Je trouvai ainsi qu'en suivant ce métier, elle faisait toujours fondre la vaisselle d'argent qu'elle achetait, afin qu'on ne pût la réclamer; et elle vint me dire un matin qu'elle allait mettre à fondre, et que si je le désirais, elle y joindrait mon pot, afin qu'il ne fût vu de personne; je lui dis: «De tout mon cœur.» Elle le pesa donc et m'en donna la juste valeur en argent, mais je trouvai qu'elle n'en agissait pas de même avec le reste de ses clients.

Quelque temps après, comme j'étais au travail, et très mélancolique, elle commence de me demander ce que j'avais. Je lui dis que je me sentais le cœur bien lourd, que j'avais bien peu de travail, et point de quoi vivre, et que je ne savais quel parti prendre. Elle se mit à rire et me dit que je n'avais qu'à sortir encore une fois, pour tenter la fortune; qu'il se pourrait que je rencontrasse une nouvelle pièce de vaisselle d'argent.

—Oh! ma mère, dis-je, c'est un métier où je n'ai point d'expérience, et si je suis prise, je suis perdue du coup.

—Oui bien, dit-elle, mais je pourrais vous faire faire la connaissance d'une maîtresse d'école qui vous ferait aussi adroite qu'elle le peut être elle-même.

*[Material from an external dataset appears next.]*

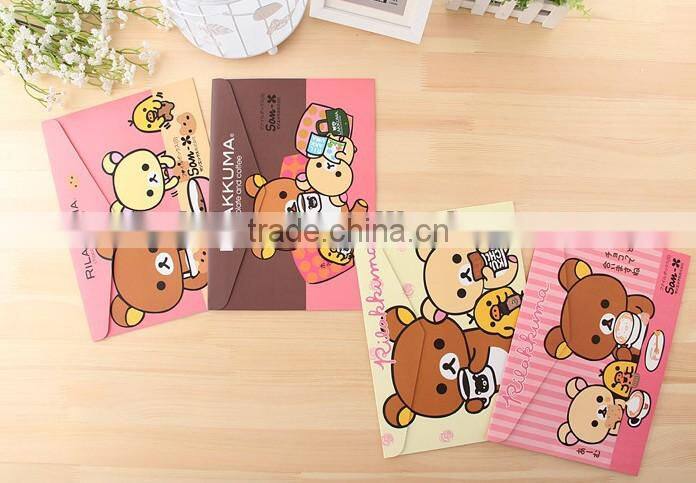Colorful Paper Stationery/Envelop Document Plastic File Bag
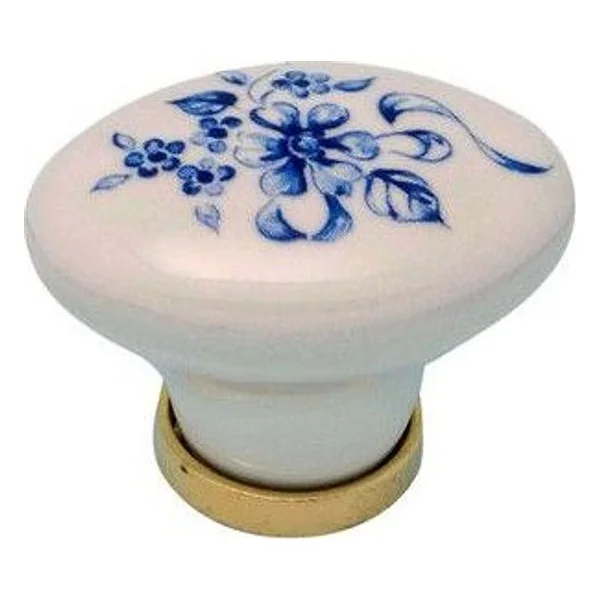 Pomolo Porcellana Ovale con Base F/07 2 PZ – cod. CPD500249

Je tremblai sur cette proposition, car jusqu'ici je n'avais ni complices ni connaissances aucunes parmi cette tribu. Mais elle conquit toute ma retenue et toutes mes craintes; et, en peu de temps, à l'aide de cette complice, je devins voleuse aussi habile et aussi subtile que le fut jamais Moll la Coupeuse de bourses, quoique, si la renommée n'est point menteuse, je ne fusse pas moitié aussi jolie.

Le camarade qu'elle me fit connaître était habile en trois façons diverses de travailler; c'est à savoir: à voler les boutiques, à tirer des carnets de boutique et de poche et à couper des montres d'or au côté des dames; chose où elle réussissait avec tant de dextérité que pas une femme n'arriva, comme elle, à la perfection de l'art. La première et la dernière de ces occupations me plurent assez: et je la servis quelque temps dans la pratique, juste comme une aide sert une sage-femme, sans payement aucun.

Enfin, elle me mit à l'épreuve. Elle m'avait montré son art et j'avais plusieurs fois décroché une montre de sa propre ceinture avec infiniment d'adresse; à la fin elle me montra une proie, et c'était une jeune dame enceinte, qui avait une montre charmante. La chose devait se faire au moment qu'elle sortirait de l'église; elle passa d'un côté de la dame, et juste comme elle arrivait aux marches, feint de tomber, et tomba contre la dame avec une telle violence qu'elle fut dans une grande frayeur, et que toutes deux poussèrent des cris terribles; au moment même qu'elle bousculait la dame, j'avais saisi la montre, et la tenant de la bonne façon, le tressaut que fit la pauvre fit échapper l'agrafe sans qu'elle pût rien sentir; je partis sur-le-champ, laissant ma maîtresse d'école à sortir peu à peu de sa frayeur et la dame de même; et bientôt la montre vint à manquer.

—Hélas! dit ma camarade, ce sont donc ces coquins qui m'ont renversée, je vous gage; je m'étonne que Madame ne se soit point aperçue plus tôt que sa montre était volée: nous aurions encore pu les prendre.